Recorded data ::

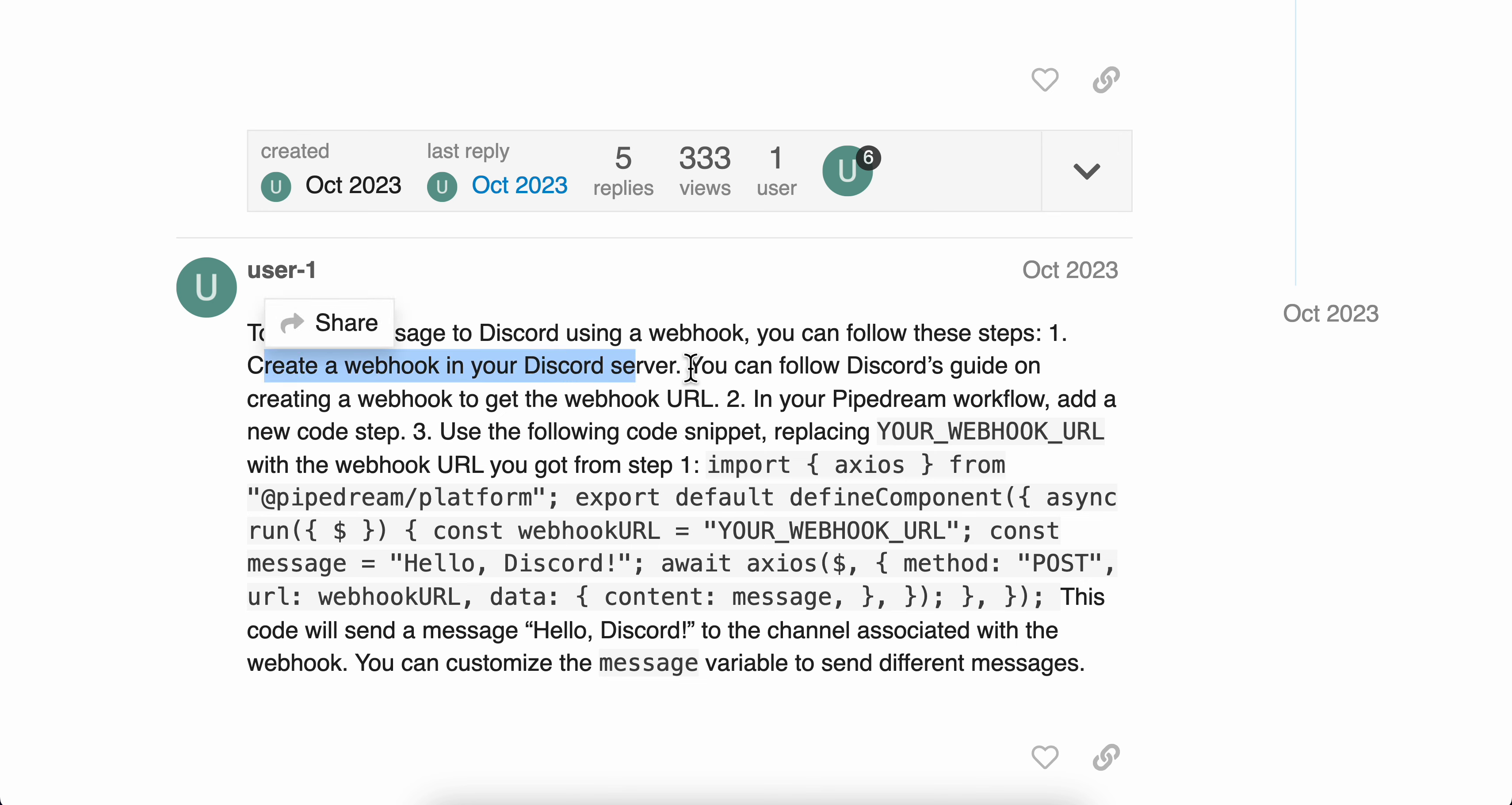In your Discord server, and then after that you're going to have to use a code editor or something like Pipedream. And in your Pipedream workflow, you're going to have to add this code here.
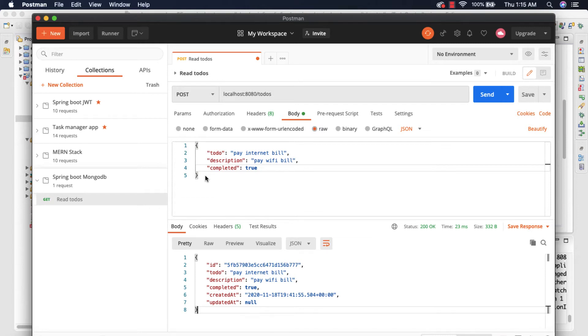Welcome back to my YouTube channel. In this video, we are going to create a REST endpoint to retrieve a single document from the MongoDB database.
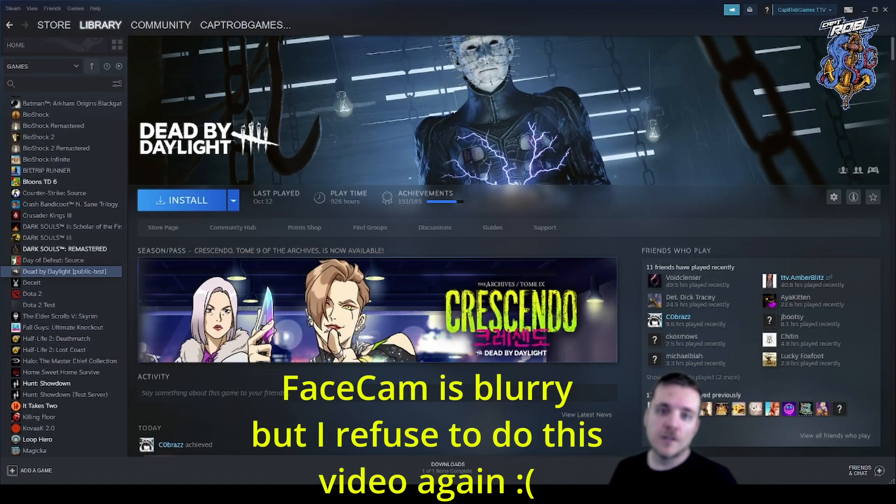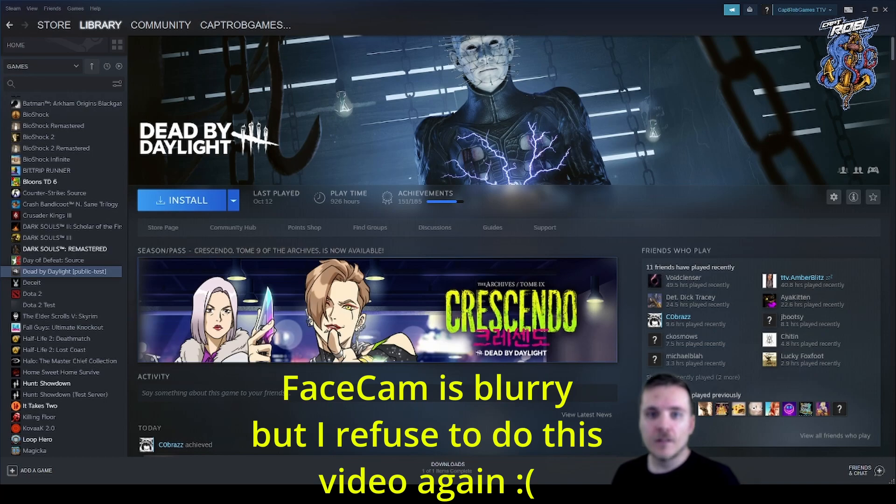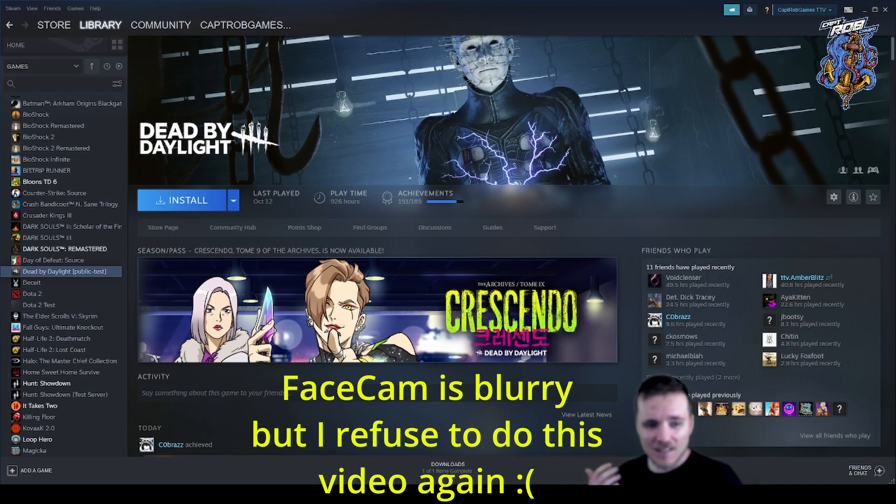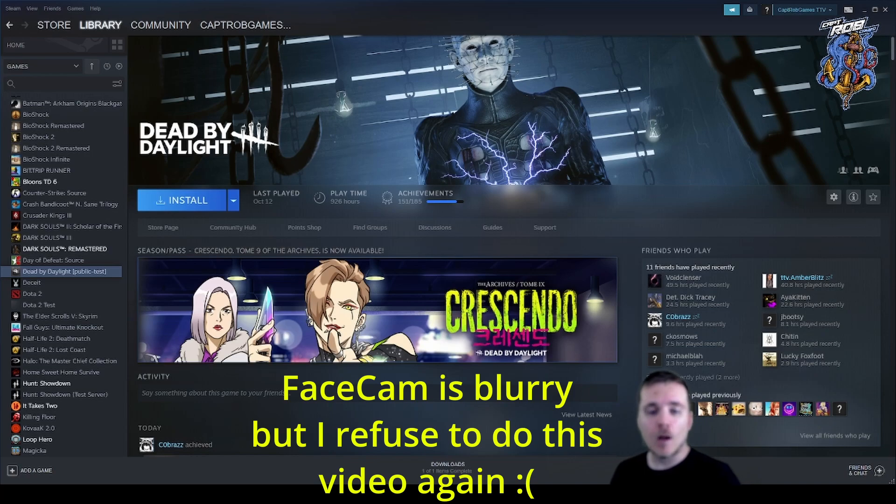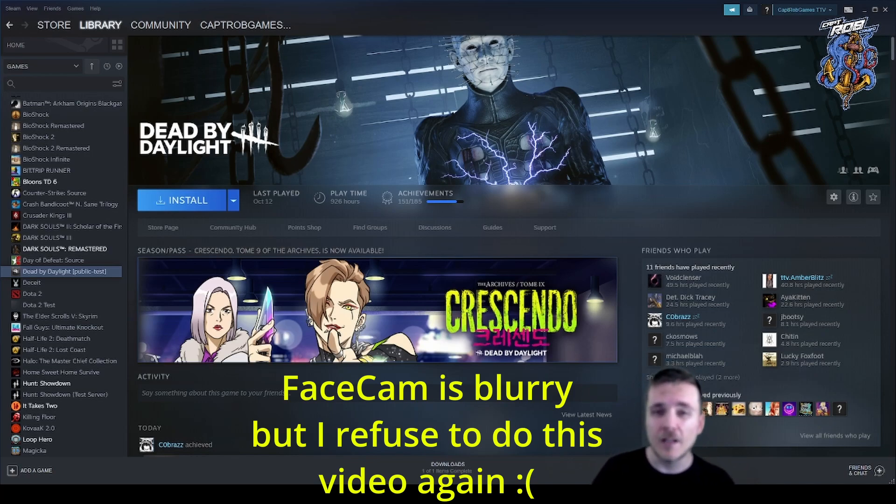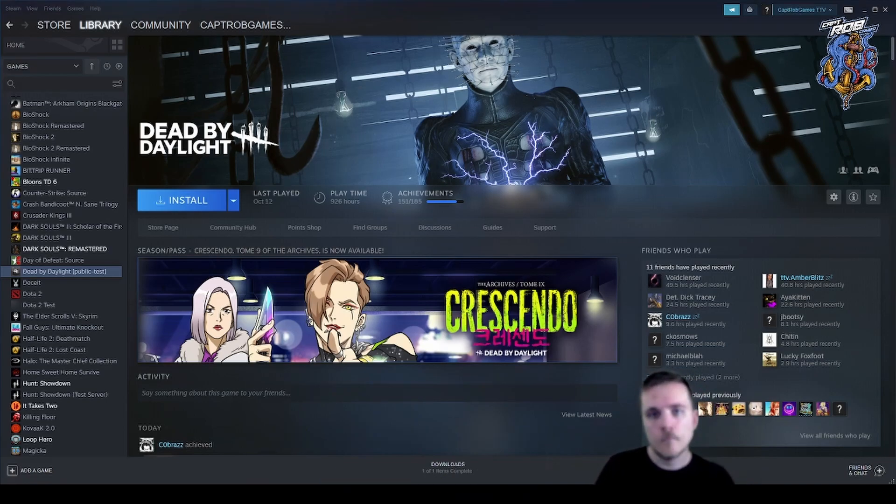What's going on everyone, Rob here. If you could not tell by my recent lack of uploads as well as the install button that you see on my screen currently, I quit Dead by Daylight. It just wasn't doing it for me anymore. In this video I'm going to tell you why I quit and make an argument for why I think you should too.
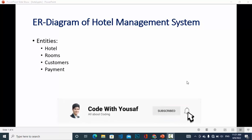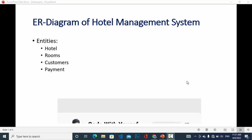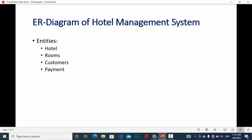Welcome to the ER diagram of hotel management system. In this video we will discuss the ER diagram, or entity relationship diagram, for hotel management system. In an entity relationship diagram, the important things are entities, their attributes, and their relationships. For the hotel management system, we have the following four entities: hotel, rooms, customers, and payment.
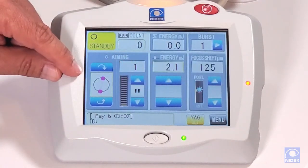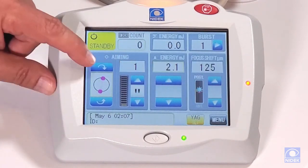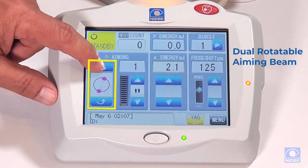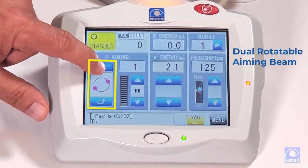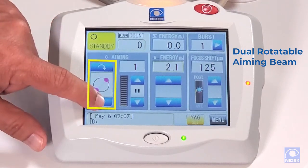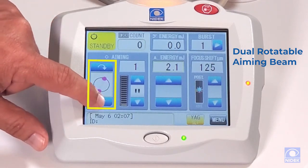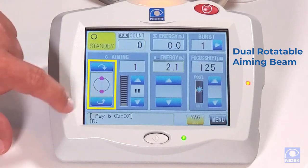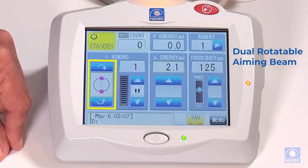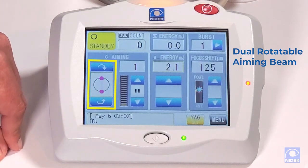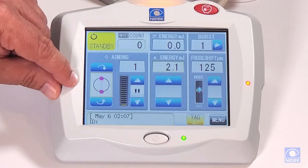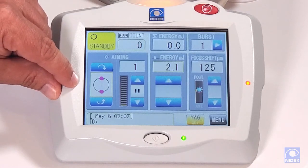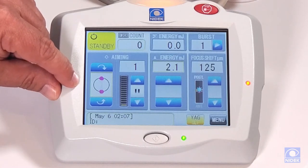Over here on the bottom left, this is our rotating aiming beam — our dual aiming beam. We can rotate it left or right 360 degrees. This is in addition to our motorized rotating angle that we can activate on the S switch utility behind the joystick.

Exercise instructions :: Print the data above exactly, from its first line to the line bearing "Welcome back to" inclusive, and keep pictures out of the result.

Reply ::
In your Discord server, and then after that you're going to have to use a code editor or something like Pipedream. And in your Pipedream workflow, you're going to have to add this code here.
Welcome back to my YouTube channel. In this video, we are going to create a REST endpoint to retrieve a single document from the MongoDB database.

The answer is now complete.